• [Requirement] Recreate the listing that follows line for line, without pictures.

• [Data]
..........

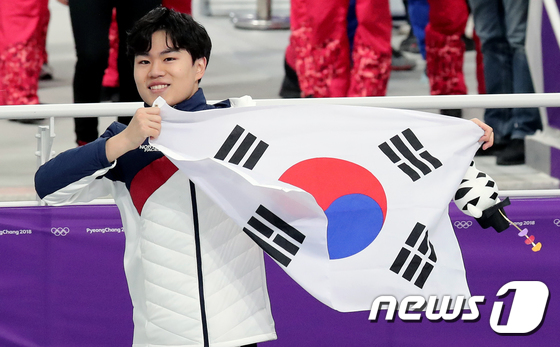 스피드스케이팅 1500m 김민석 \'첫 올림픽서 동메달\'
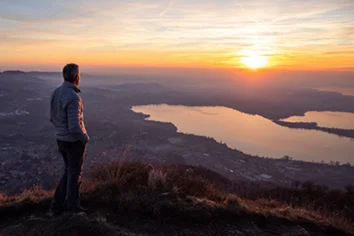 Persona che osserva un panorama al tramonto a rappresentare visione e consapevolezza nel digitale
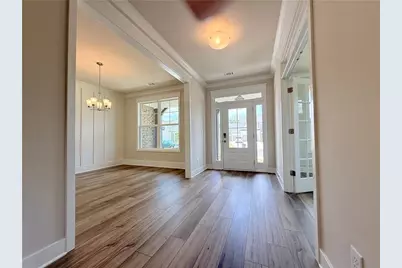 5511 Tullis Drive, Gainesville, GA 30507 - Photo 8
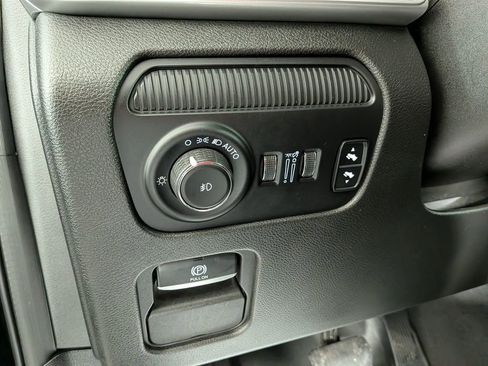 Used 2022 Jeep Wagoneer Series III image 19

..........

• [Answer to this task]
 스피드스케이팅 1500m 김민석 \'첫 올림픽서 동메달\'
 Persona che osserva un panorama al tramonto a rappresentare visione e consapevolezza nel digitale
 5511 Tullis Drive, Gainesville, GA 30507 - Photo 8
 Used 2022 Jeep Wagoneer Series III image 19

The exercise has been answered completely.